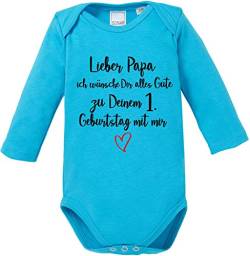 EZYshirt® Lieber Papa ich wünsche dir Alles Gute zum 1. Geburtstag mit Mir Body Baby Langarm Bio Baumwolle von Ezyshirt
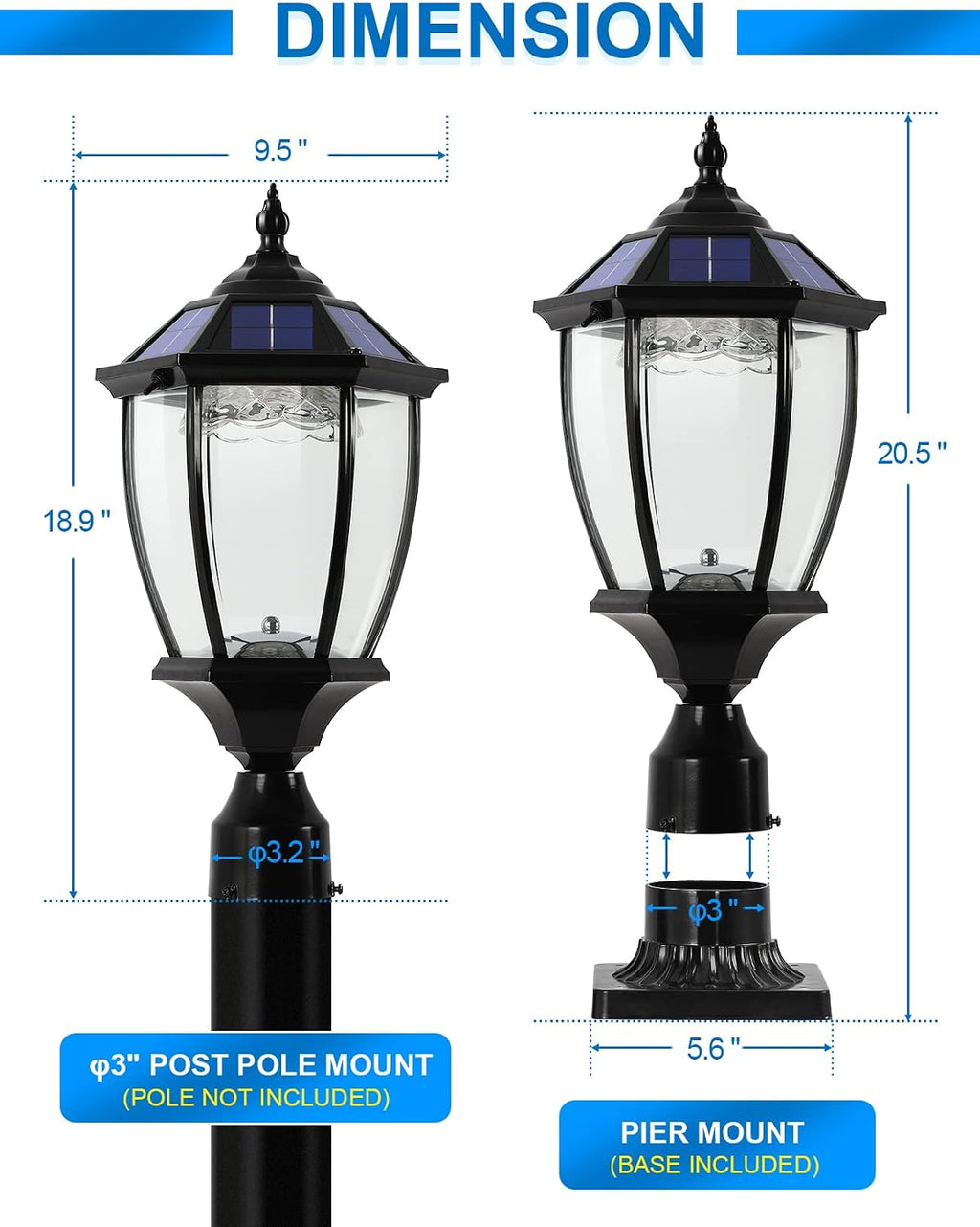 Solar Outdoor Lamp Post Light with Dusk to Dawn Photocell, Waterproof Oil-Rubbed Black Pillar Light with Clear Glass, Aluminum Solar Pole Lamp with Pier Mount for Porch, Yard. Pathway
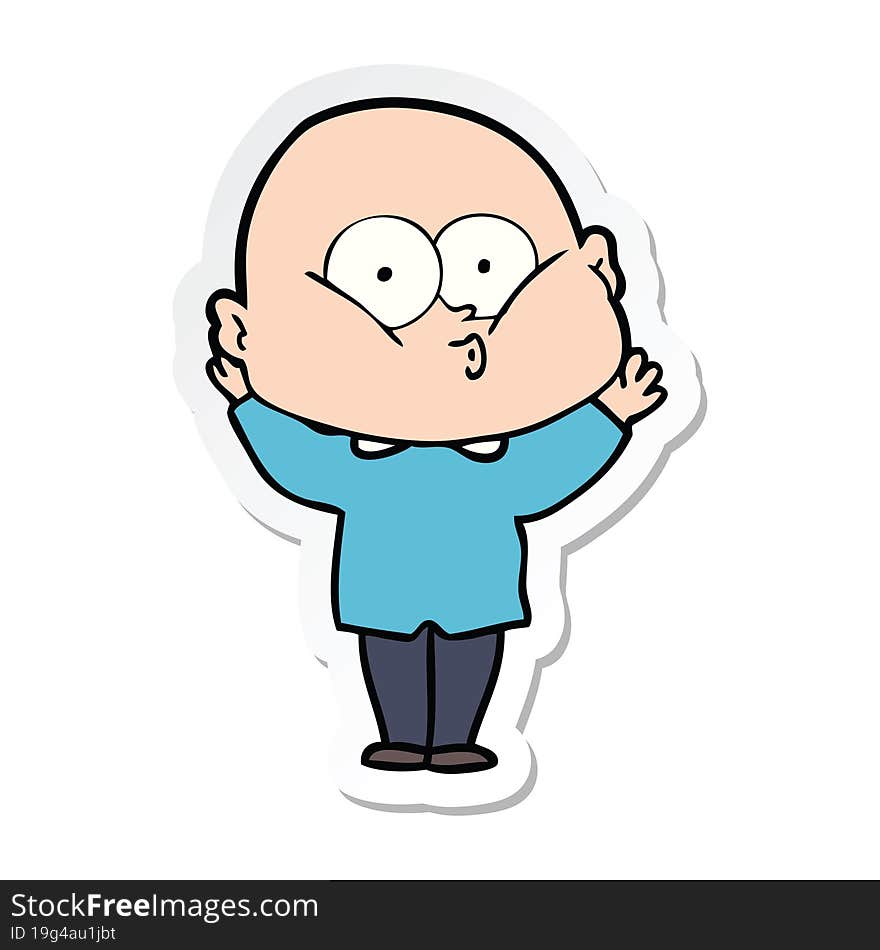 sticker of a cartoon bald man staring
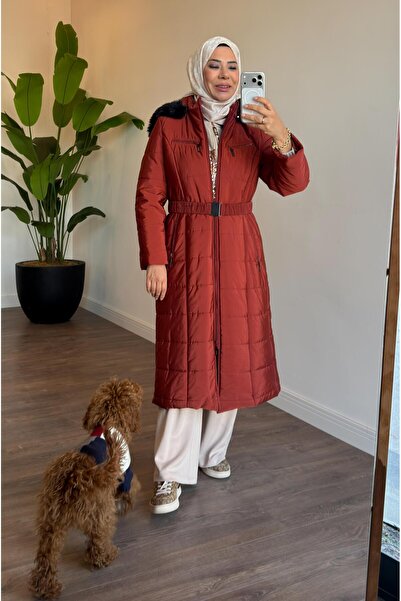 Doque Kemerli Astarlı Kaban - Kiremit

- [WORK REQUEST]: Your task is to restate word for word the lines from the line holding "Solar Outdoor Lamp" through the final line of the listing, both included, but none of the pictures.

- [OUTPUT OF THE EXERCISE]:
 Solar Outdoor Lamp Post Light with Dusk to Dawn Photocell, Waterproof Oil-Rubbed Black Pillar Light with Clear Glass, Aluminum Solar Pole Lamp with Pier Mount for Porch, Yard. Pathway
 sticker of a cartoon bald man staring
 Doque Kemerli Astarlı Kaban - Kiremit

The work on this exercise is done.